▶ [WORK ORDER]
Everything from the line containing "2024 Mercedes-Benz GLS 450 4MATIC" through the last line of the listing below should be returned exactly, except for pictures.
(DATA)
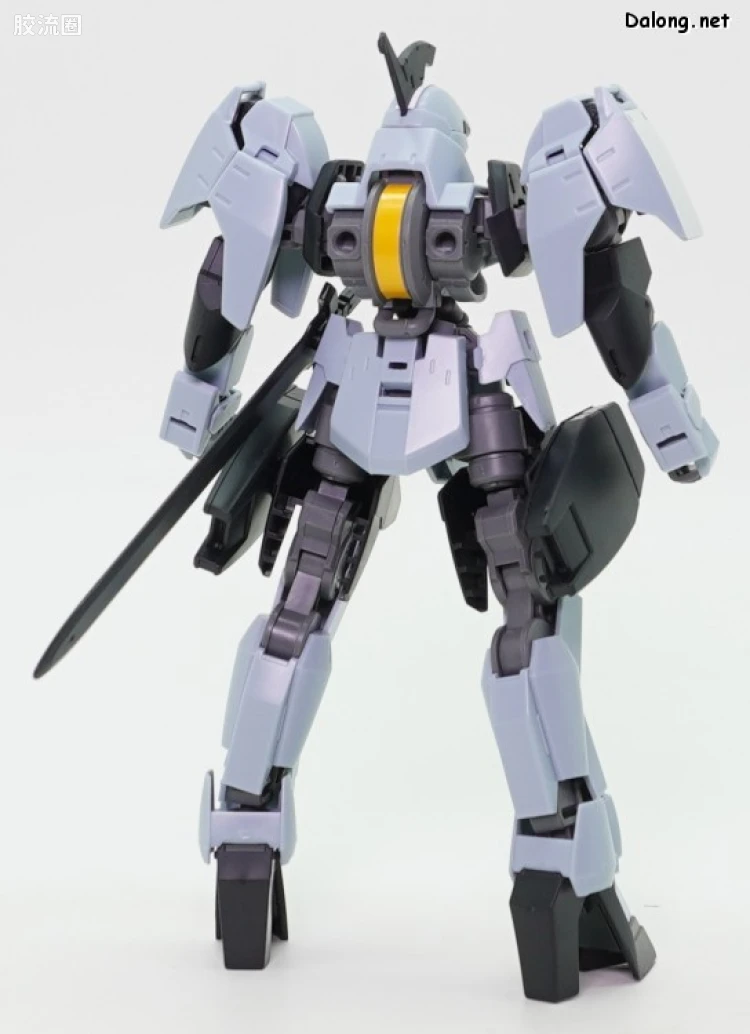 高达铁血的奥尔芬斯 HG 1/144 网络限定版 格雷兹 骑士型 麦基利斯队机 - 图片
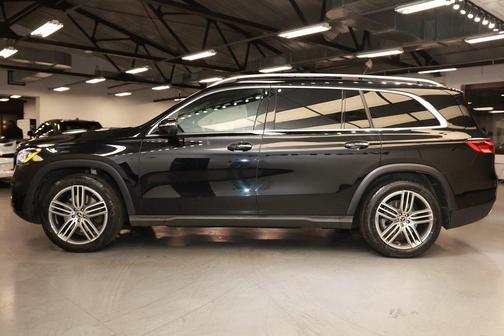 2024 Mercedes-Benz GLS 450 4MATIC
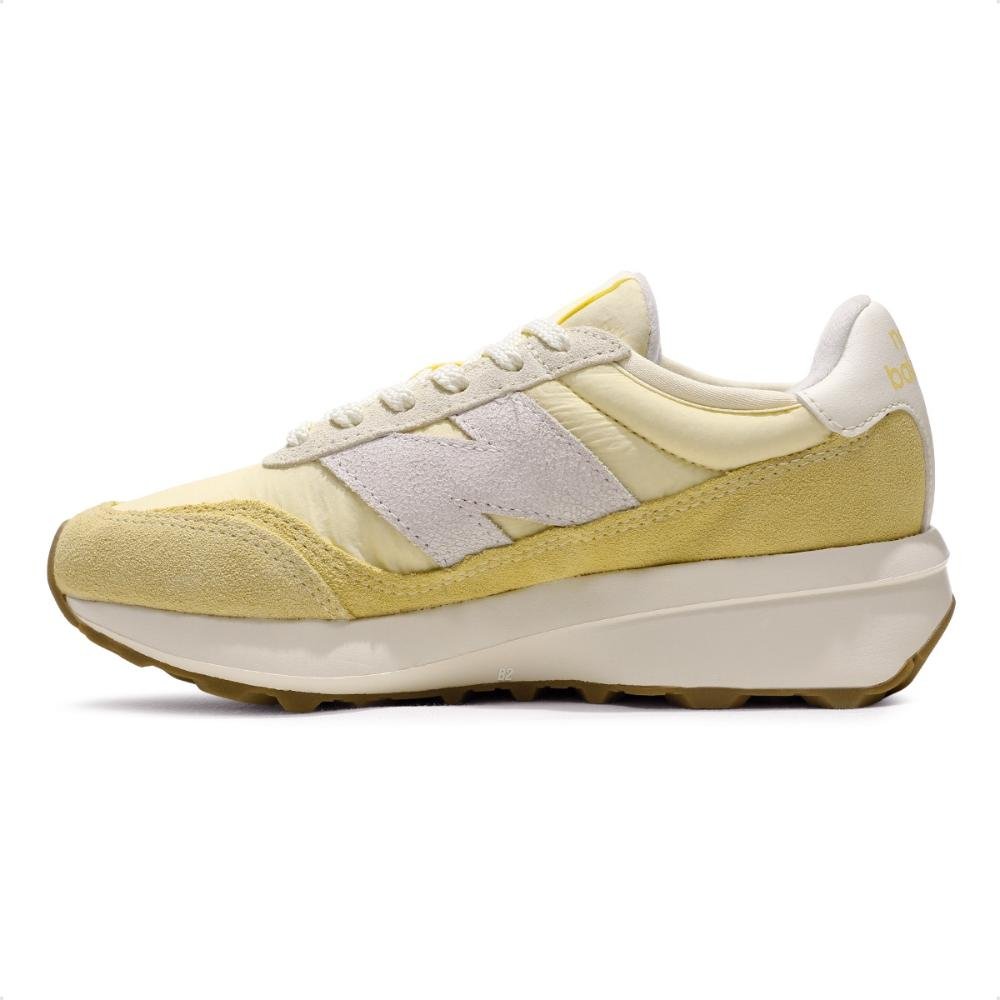 Tênis New Balance 370v1 Feminino  Amarelo 2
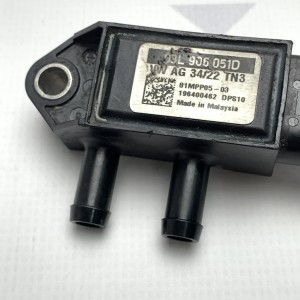03L906051D VAG Exhaust Gas Pressure Sensor for Volkswagen Crafter 2.0 TDI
(End DATA)
▶ [ANSWER TO THE EXERCISE]
 2024 Mercedes-Benz GLS 450 4MATIC
 Tênis New Balance 370v1 Feminino  Amarelo 2
03L906051D VAG Exhaust Gas Pressure Sensor for Volkswagen Crafter 2.0 TDI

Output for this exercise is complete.